Task requirements: Transcribe the listing below in full, exactly, with no images.

Collected data:
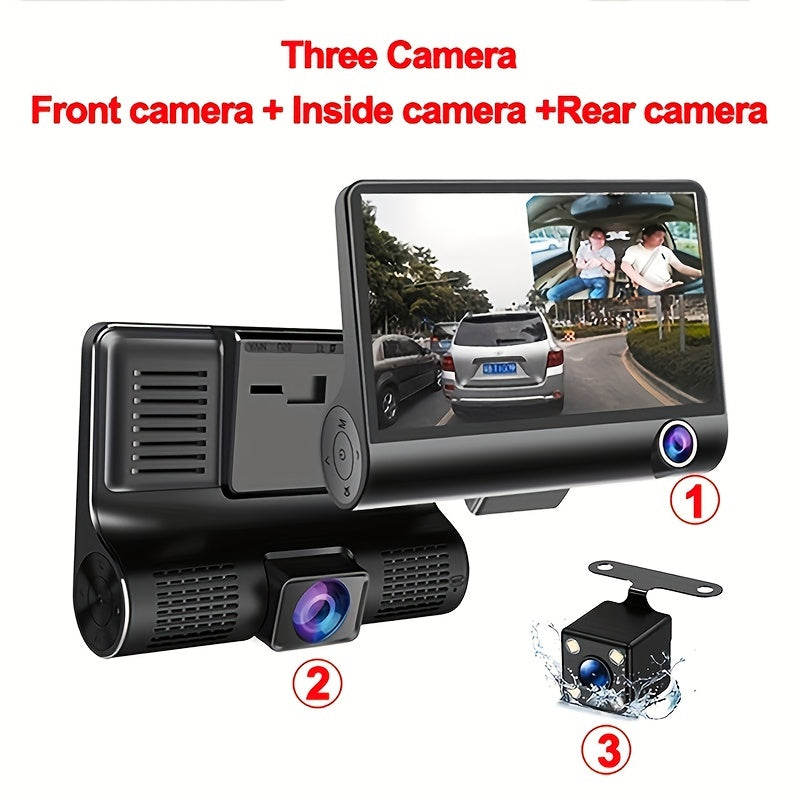 Three-record High-definition Night Vision  Driving Recorder Suction Cup Three-lens Car Front And Rear Simultaneous Video Tape Reversing Wide Angle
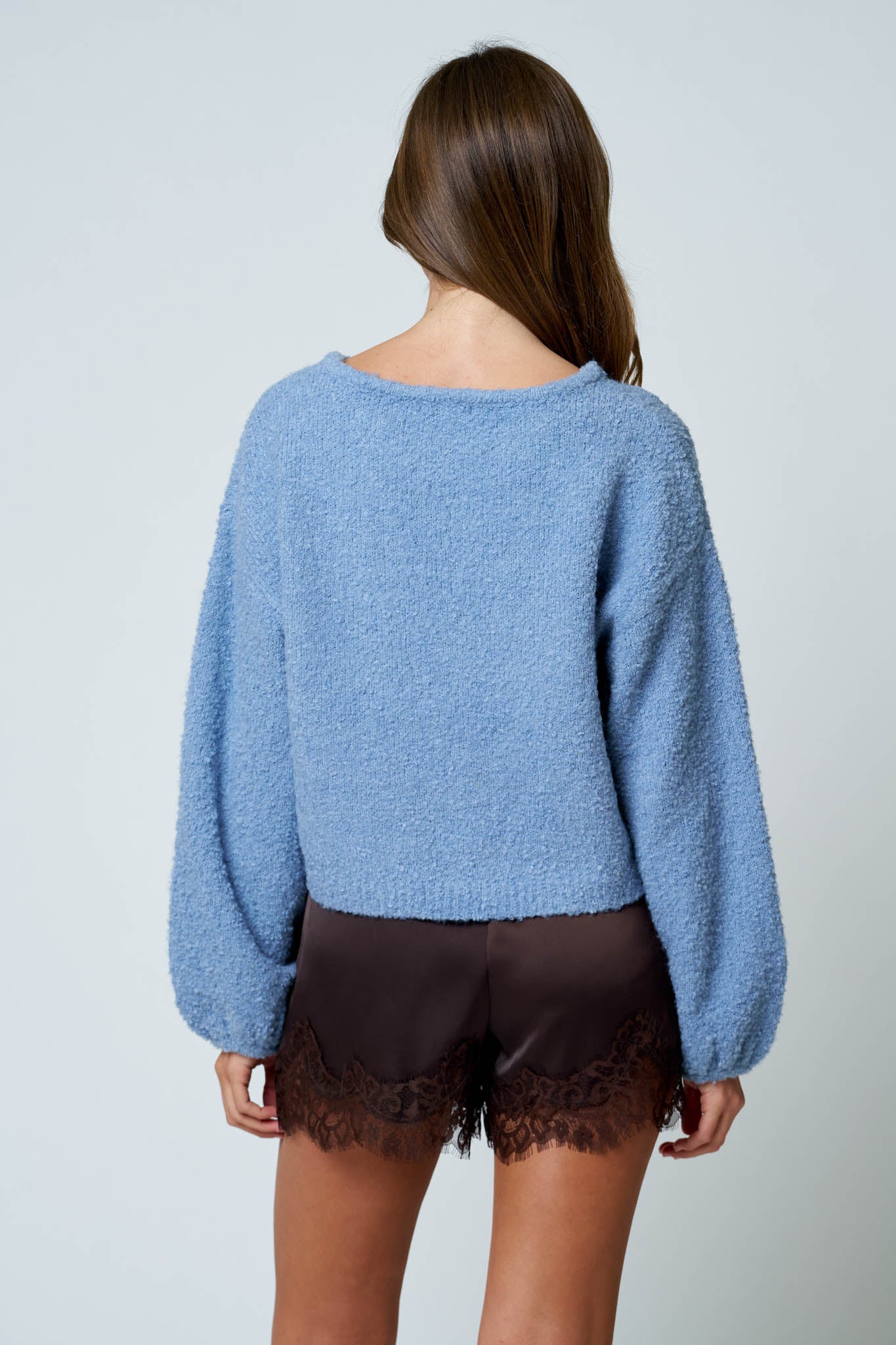 LONG SLEEVE FUZZY KNIT PULLOVER SWEATER (PRE-ORDER)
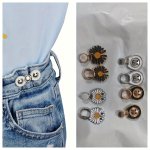4 Sets Pant Waist Tightener Detachable Jean Buttons For Loose Jeans No Sew And No Tools Button Pins For Jeans Adjustable Jean Bu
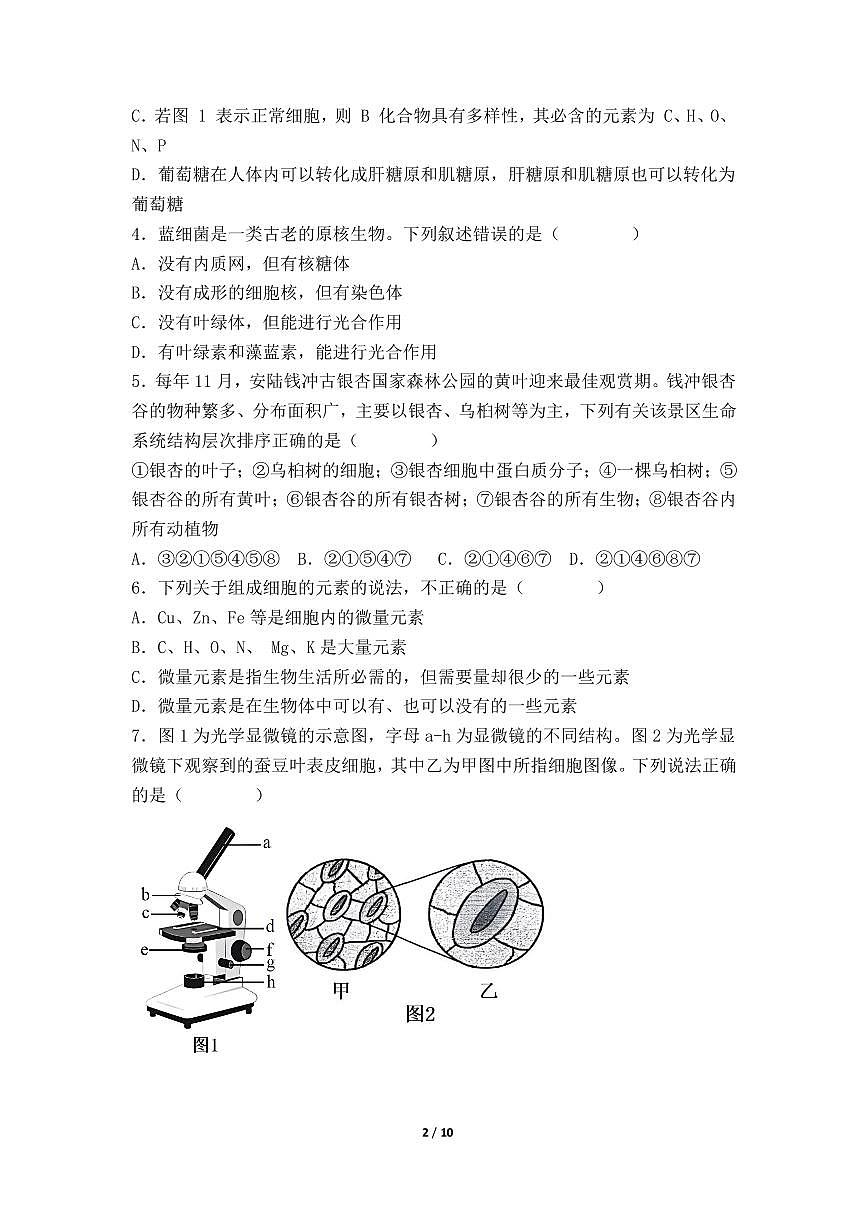 山东省东明县第一中学2025-2026学年高一上学期10月第一次教学质量检测生物试题(月考)第2页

Task answer:
 Three-record High-definition Night Vision  Driving Recorder Suction Cup Three-lens Car Front And Rear Simultaneous Video Tape Reversing Wide Angle
 LONG SLEEVE FUZZY KNIT PULLOVER SWEATER (PRE-ORDER)
4 Sets Pant Waist Tightener Detachable Jean Buttons For Loose Jeans No Sew And No Tools Button Pins For Jeans Adjustable Jean Bu
 山东省东明县第一中学2025-2026学年高一上学期10月第一次教学质量检测生物试题(月考)第2页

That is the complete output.